If approved, the drug would be the first pill shown to treat COVID-19. Dr. Bill Petri, Infectious Disease Professor at the University of Virginia, says that’s a big step in coronavirus therapy.
“I could envision, in the future, we’ll have like one pill that combines what Merck is doing with what Pfizer is doing and that’s exactly how we’re able to cure Hepatitis C virus today for example,” Petri said.
Pfizer also announced they’re working on a protease inhibiter, which will also be a pill that you can take at home for COVID-19.
Merck reported “a randomized clinical trial where they gave this pill to people with moderate COVID-19, so not bad enough for them to be in the hospital, but bad enough where they felt ill,” Petri said.

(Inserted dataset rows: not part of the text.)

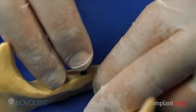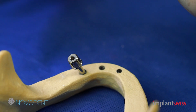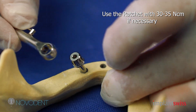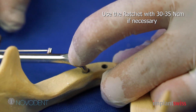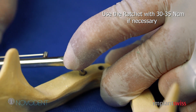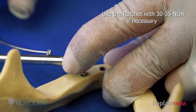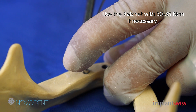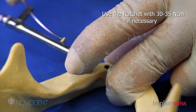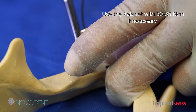If you have a very hard bone and you need to place the implants further using the ratchet, you can do it this way. This is the finger key and this is the ratchet. You start placing the implant further according to the depth you want to submerge your implant. This is a gradual ratchet where you know how many newton centimeters you place the fixture.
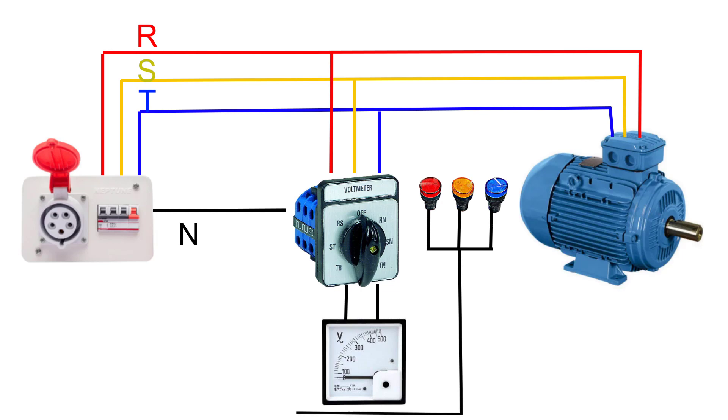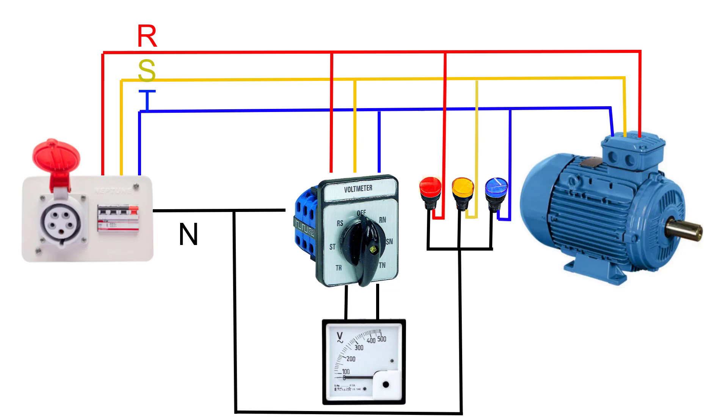Connect the common terminal to neutral. The other terminal of the first lamp is connected to phase R, the second lamp to phase S, and the last lamp to phase T. Now when we turn on the circuit breaker, the three lamps will be illuminated, which means that we have three-phase power.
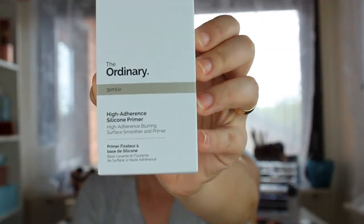Hi everyone and welcome to my channel, and if you're new, welcome! Today we are going to do a first impression — or a review actually — we're going to try the silicone primer from The Ordinary. This is how the packaging looks like, so keep on watching and please don't forget to subscribe so you don't miss any of my other videos.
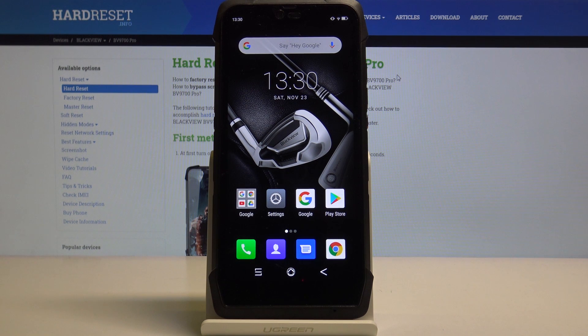Here I have the Blackview BV9700 Pro, and today I'm going to show you how to switch the battery saving mode on this device.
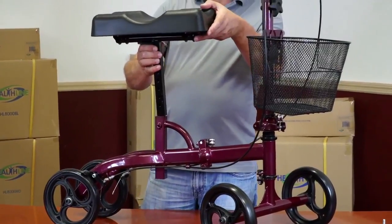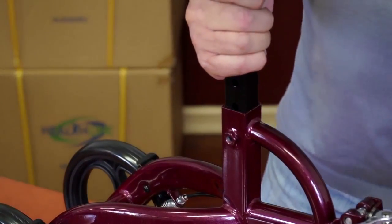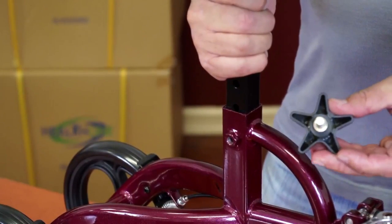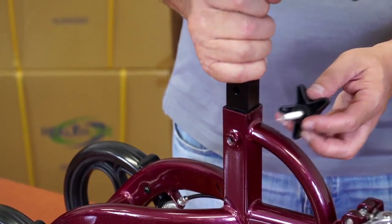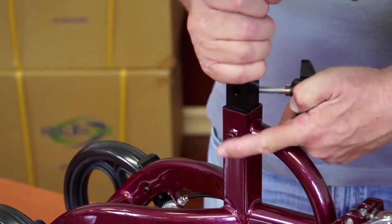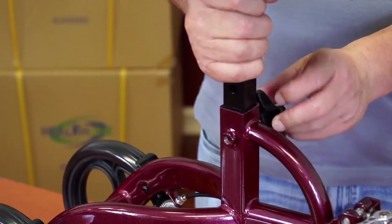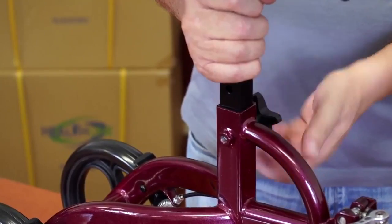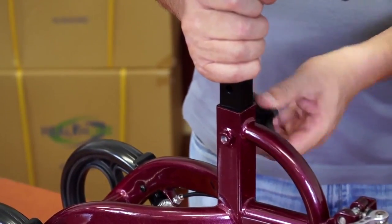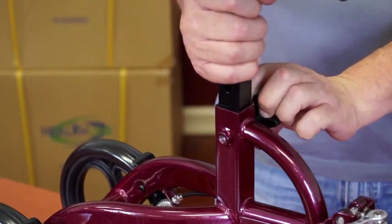Insert the seat post into the seat tube. Align the hole in the tube with the hole in the seat post according to the desired seat height. Feed the large bolt through both holes and screw it into the nut welded to the other side of the tube as seen on the video. The seat is now secured.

Trial participants took eight treatment pills per day, and Merck reports the results were life-saving.
“What they found was a substantial reduction in mortality, so it saved lives,” Petri said. “People in the control group who did not receive the medicine had a mortality rate of 15%, whereas people on the Merck drug, their mortality was about 7%.”
Petri says the medicine would be best for someone with moderate, not severe, COVID symptoms.
“By the time you are so ill that you need to come into the hospital, what’s going on is more that your immune system is not working properly,” Petri said.
He says the medicine would be prescribed to you by a doctor, and you’d be able to get it at a pharmacy.
“In most cases, by the time you’re in the hospital, this medicine might have less of an impact, and really its wonderful potential role is for the treatment when you’re at home and you get this infection,” Petri said.
The announcement is great news, Petri says, because there aren’t many treatment options for COVID right now.
“There’s nothing we can offer you other than monoclonal antibody injection to try to prevent the disease from getting worse to bring you into the hospital,” Petri said. “Antibodies are very affective and FDA approved; however, that requires getting an injection of antibodies. It’s more difficult than a pill, so this is very, very appealing.”
Although the medicine will be very important, Petri says he doesn’t think it will end the pandemic.
“I don’t anticipate that the ability to treat the infection after it’s happened is going to get us out of the pandemic, but I think it’s going to be just wonderful the ability to be able to treat people while they’re at home. If you can keep the virus from replicating, you’ll prevent a lot of the damage the immune system causes that we think is involved in this ‘long haul’ syndrome,” Petri said.
Petri says he is optimistic, but the medicine will have to be granted FDA approval before it can be used.